Exercise requirements = Could you return every record below exactly as it stands, leaving out the pictures?

Working data =
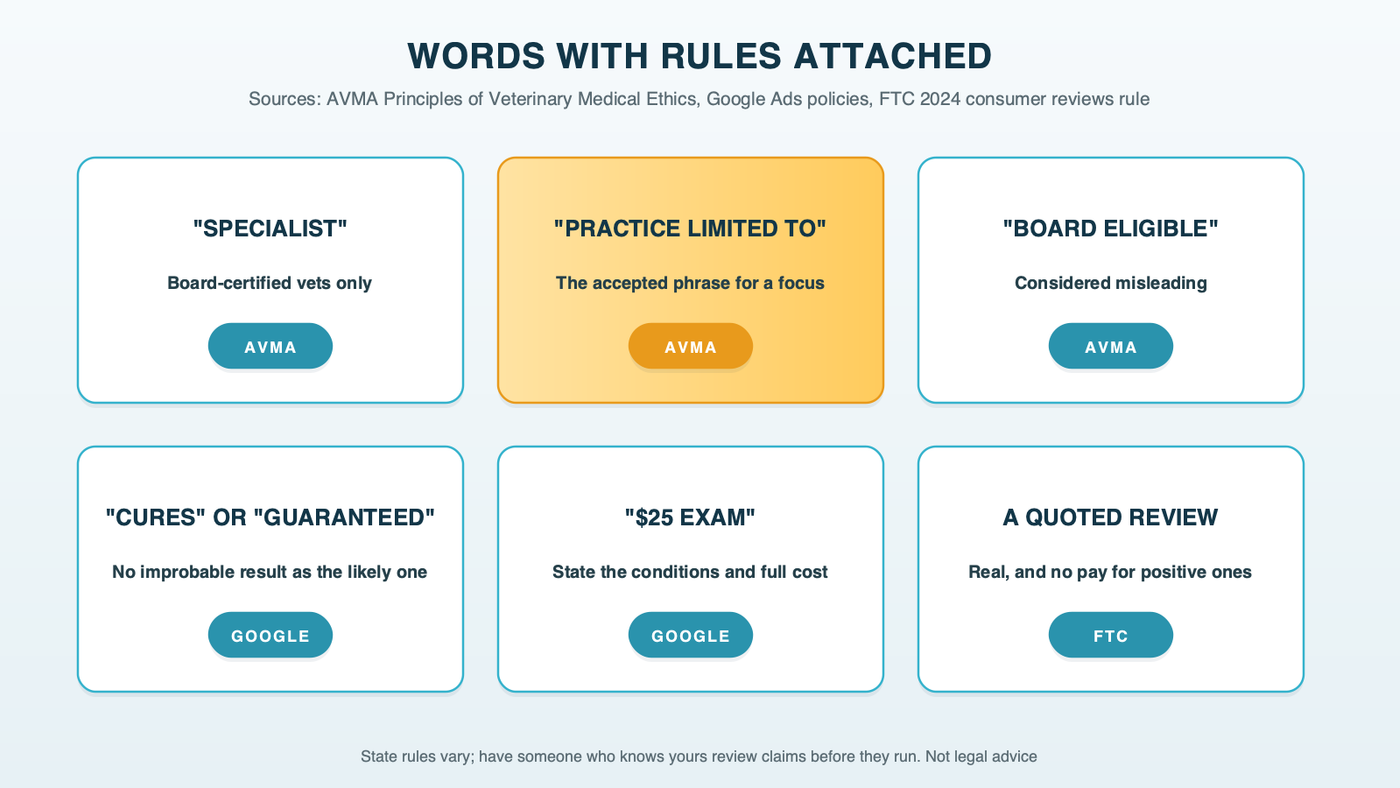 Words with rules attached: "specialist" is only for board-certified veterinarians; "practice limited to" is the accepted alternative for a focus; "board eligible" is considered misleading; promising a cure or a guaranteed outcome runs into Google's rule against presenting an improbable result as the likely one; an advertised price needs its conditions stated; a quoted review has to be real under the FTC's 2024 rule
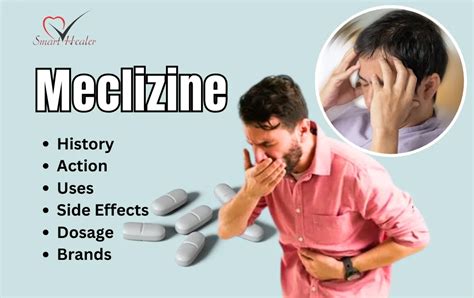 Meclizine hydrochloride, Deep History, uses, Side effects, Dosage, and ...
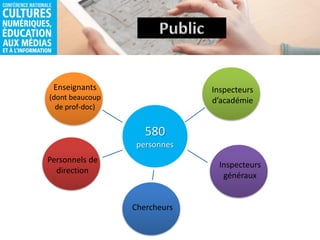 Personnels de
direction
Inspecteurs
généraux
Chercheurs
580
personnes
Enseignants
(dont beaucoup
de prof-doc)
Inspecteurs
d’académie
 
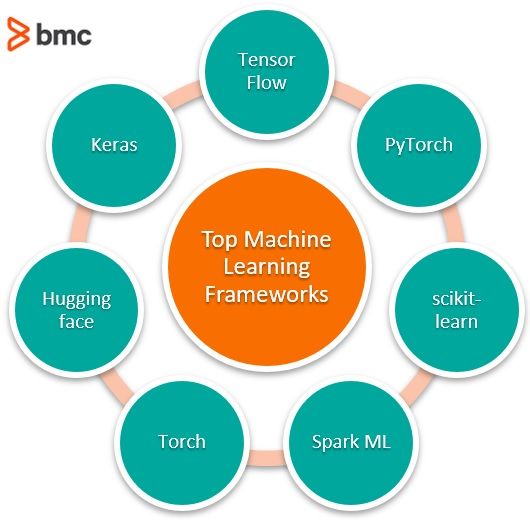 Top Machine Learning Frameworks To Use In 21 Bmc Software Blogs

Output of the task =
 Words with rules attached: "specialist" is only for board-certified veterinarians; "practice limited to" is the accepted alternative for a focus; "board eligible" is considered misleading; promising a cure or a guaranteed outcome runs into Google's rule against presenting an improbable result as the likely one; an advertised price needs its conditions stated; a quoted review has to be real under the FTC's 2024 rule
 Meclizine hydrochloride, Deep History, uses, Side effects, Dosage, and ...
 Personnels de
direction
Inspecteurs
généraux
Chercheurs
580
personnes
Enseignants
(dont beaucoup
de prof-doc)
Inspecteurs
d’académie
 
 Top Machine Learning Frameworks To Use In 21 Bmc Software Blogs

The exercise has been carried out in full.